This is the best way to contribute. We usually follow a git-flow based development cycle. The way this works is quite simple:

  1. Make an issue on our github with your proposed feature or fix.
  2. Fork, or make a branch name with the issue number like feature/#113.
  3. When finished, submit a pull request to merge into develop, and refer to which issue is being closed in the pull request comment (i.e. closes #113).
  4. One of use will review the pull request.
  5. If accepted, your feature will be merged into develop.
  6. Your change will eventually be merged into master and tagged with a release number.

Code and Documentation Style

In Aboleth we are only targeting python 3 - our code is much more elegant as a result, and we don’t have the resources to also support python 2, sorry.

We adhere to the PEP 8 convention for code, and the PEP 257 convention for docstrings, using the NumPy/SciPy documentation style. Our continuous integration automatically runs linting checks, so any pull-request will automatically fail if these conventions are not followed.

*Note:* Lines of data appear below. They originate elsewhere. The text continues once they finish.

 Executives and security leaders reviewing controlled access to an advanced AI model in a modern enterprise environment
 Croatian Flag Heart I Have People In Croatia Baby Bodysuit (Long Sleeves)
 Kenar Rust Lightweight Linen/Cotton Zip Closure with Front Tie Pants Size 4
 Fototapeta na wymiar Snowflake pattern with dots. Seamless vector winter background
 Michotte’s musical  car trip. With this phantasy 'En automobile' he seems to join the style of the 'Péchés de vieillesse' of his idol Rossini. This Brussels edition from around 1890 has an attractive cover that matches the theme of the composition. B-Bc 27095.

The builtin Sphinx extension Napoleon is used to parse NumPy style docstrings. To build the documentation you can run make from the docs directory with the html option:

$ make html

Testing

We use py.test for all of our unit testing, most of which lives in the tests directory, with judicious use of doctests – i.e. only when they are illustrative of a functions usage.

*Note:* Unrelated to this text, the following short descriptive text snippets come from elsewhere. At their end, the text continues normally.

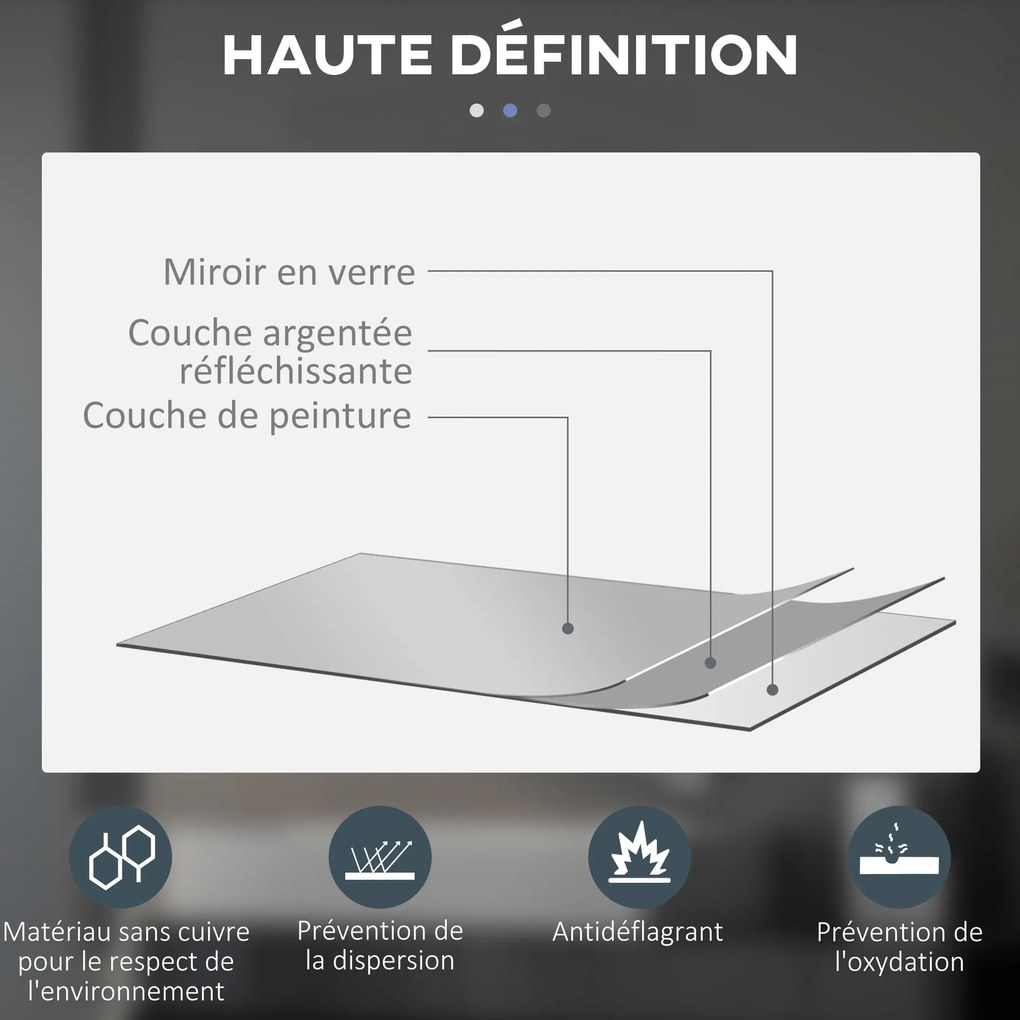 kleankin Oglindă rotundă luminoasă cu LED pentru baie Ø 60 cm pe perete cu iluminare comutator tactil sistem antiaburire 29 W argintiu | Aosom Romania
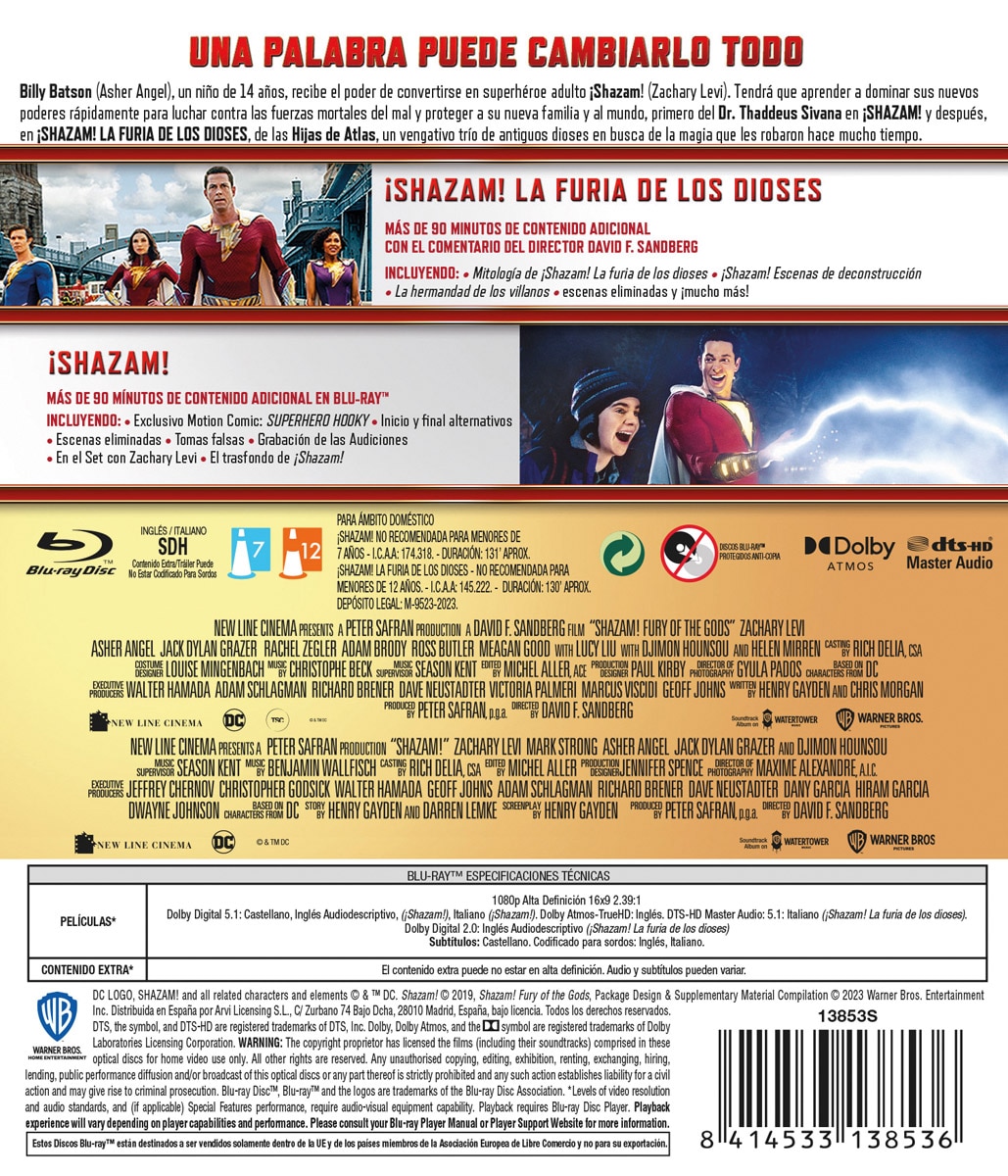 Imagen 2 de Pack ¡Shazam! 1-2 (Blu-Ray)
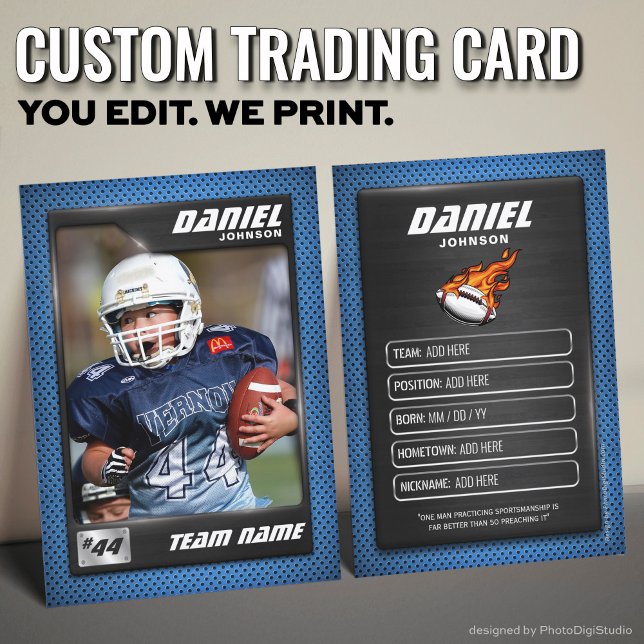 Anpassningsbar fotbollskort, spelprofilkort (Custom Football Trading Card, Blue Graphite Player Card)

All of the dependencies for testing can be installed by issuing:

$ pip install -e .[dev]

You can run the tests by issuing from the top level repository directory:

$ pytest .

Our continuous integration (CI) will fail if coverage drops below 90%, and we generally want coverage to remain significantly above this. Furthermore, our CI will fail if the code doesn’t pass PEP 8 and PEP 257 conventions. You can run the exact CI tests by issuing:

$ make coverage
$ make lint

from the top level repository directory.